Introducing Structures from Hexagonal Borophene to Nitrophene and Their Thermal Conductivity Investigation Using a Reactive Molecular Dynamics Simulation.

In the present work, the thermal conductivity (TC) of hexagonal structures of boron nitride and borophene was investigated by a reactive molecular dynamics (MD) simulation. Also, to figure out the effect of the boron and nitrogen in the hexagonal structure, five other hypothetical structures were created (in addition to the structure of boron nitride and borophene) and their structures were represented by the symbol B x N y , where x refers to the number of boron atoms and y refers to the number of nitrogen atoms. In this regard, B 6 N 0 refers to borophene, B 3 N 3 is boron nitride, and B 0 N 6 is called nitrophene. The TC of B 6 N 0 and B 3 N 3 structures was calculated and compared with the literature values. Besides these two compounds, the five other structures have not been experimentally synthesized yet, so the TC of the five other hypothetical structures were predicted in the present work. The lowest TC belonged to B 3 N 3 , and the highest one was for B 0 N 6 . Based on the inherent potential of reactive MD simulation, during TC calculation, atoms' coordination and partial charges are changed and new bonds, rings, or even defects were automatically created on the surfaces.

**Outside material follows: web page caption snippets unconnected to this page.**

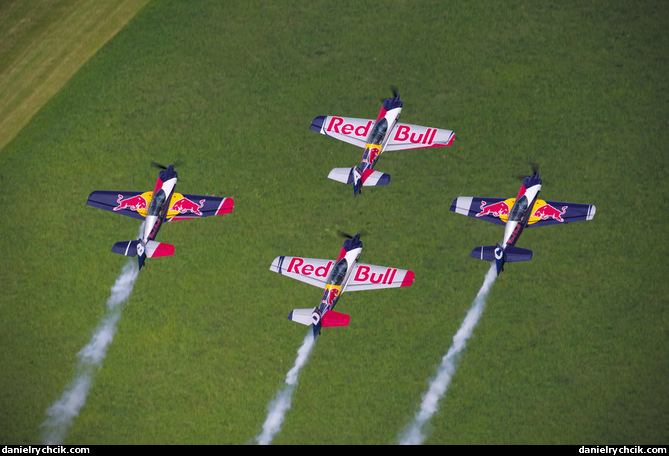 Zlin Z-50LX (Flying Bulls)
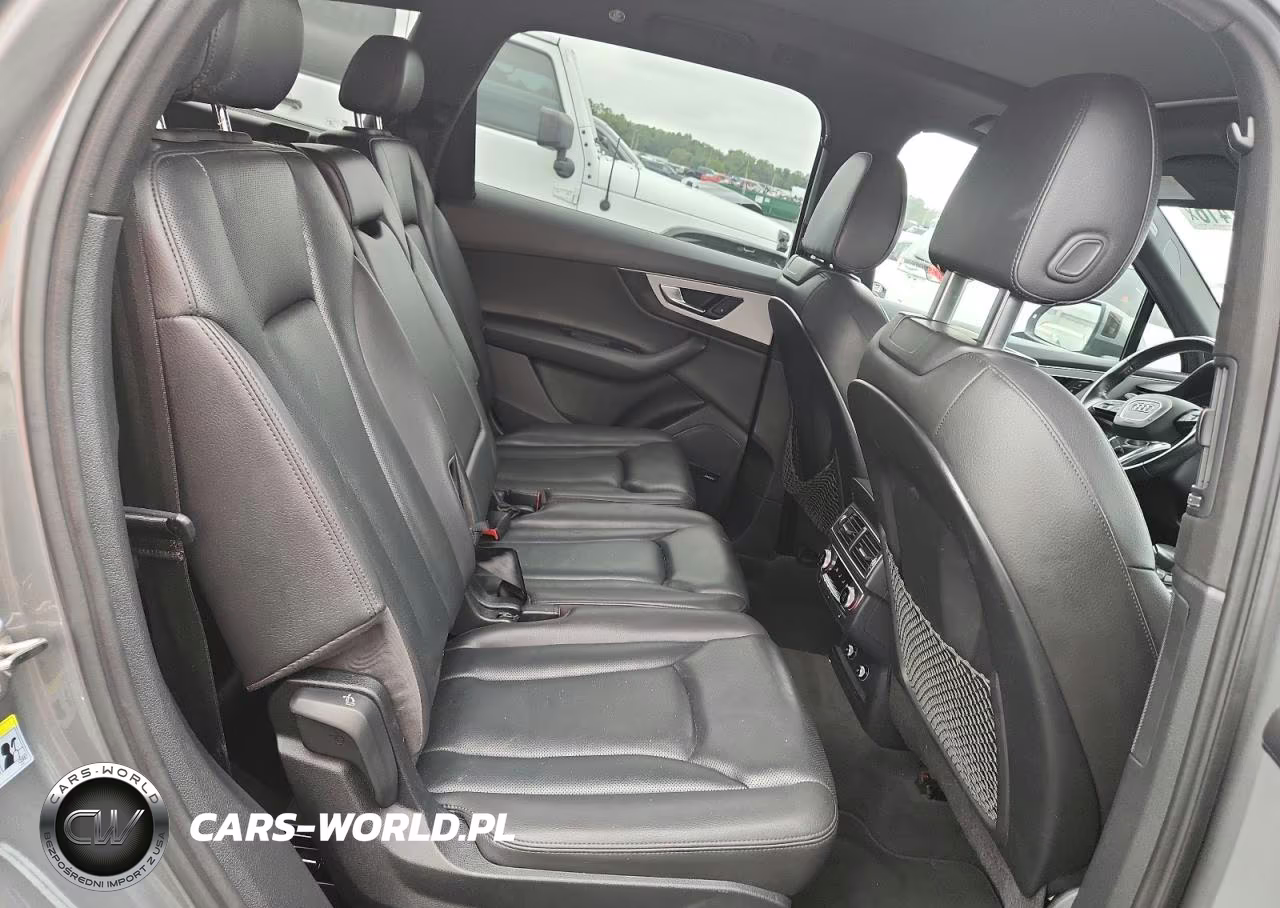 2018 Audi Q7 Technik S-Line VIN:WA1WAAF72JD015444 - 11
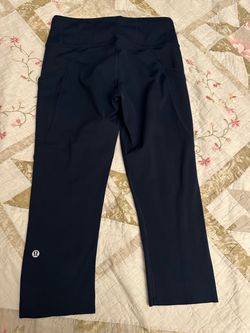 Lululemon Navy Crop Leggings size 6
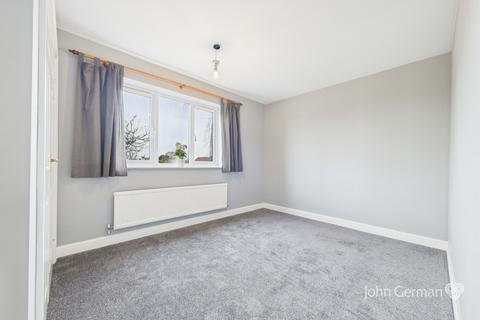 23 Kestrel Close, Uttoxeter, ST14 8TB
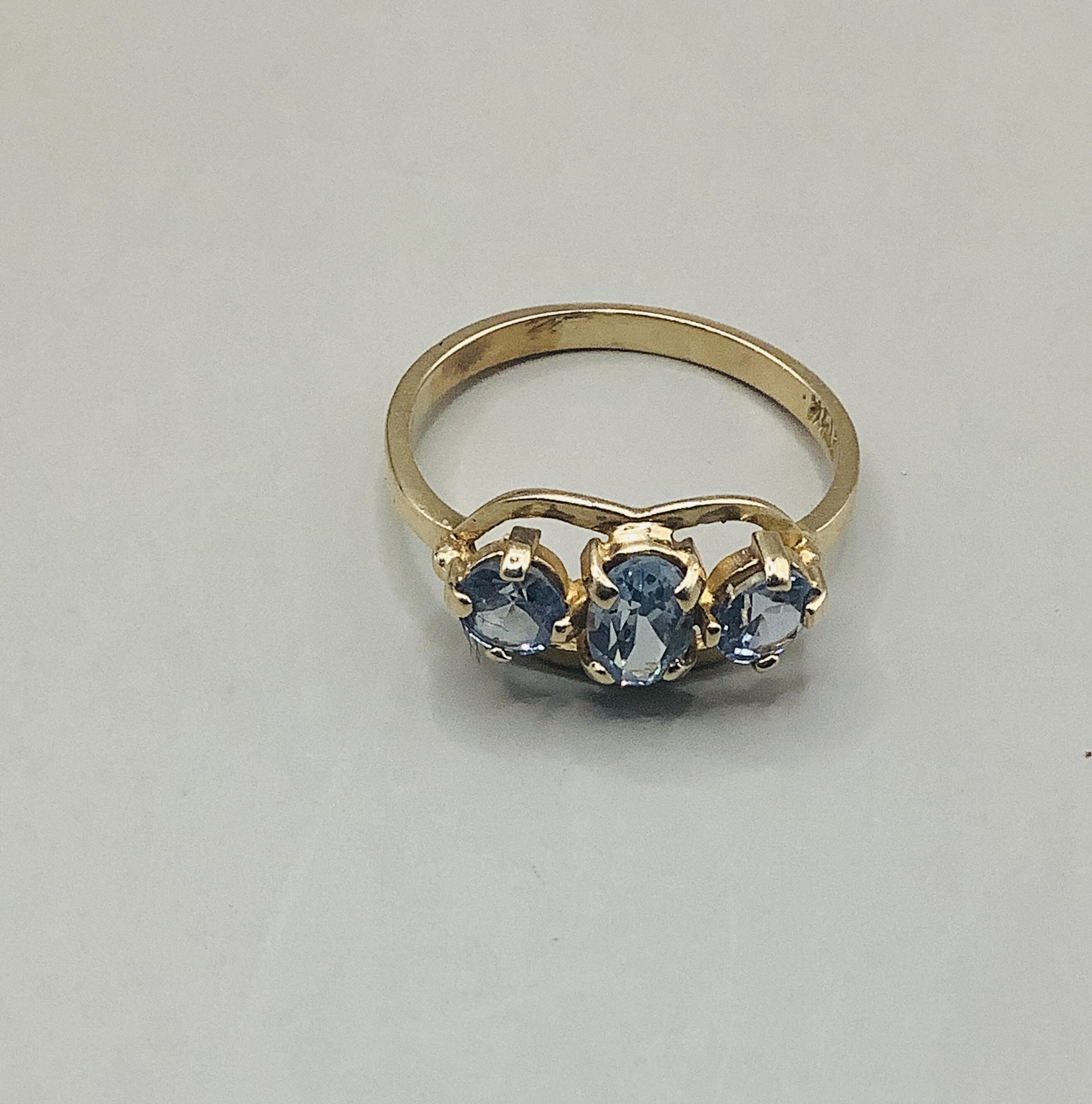 Vintage 9ct Gold Aquamarine 3 Stone Trilogy Ring UK N US 7 EU 54 W2g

The coordination contour map showed that in B 3 N 3 , the atoms have collective movements like a large and single wave, while B 0 N 6 and B 6 N 0 have small group movements as vibrations. So, it became clear that the higher stability of structures caused more curved movements. In addition, the contour map of partial charges is calculated, and the results showed that the high differences in partial charge between atoms in the structure cause high TC, while small charge differences in the structure inhibit heat transfer and cause lower TC.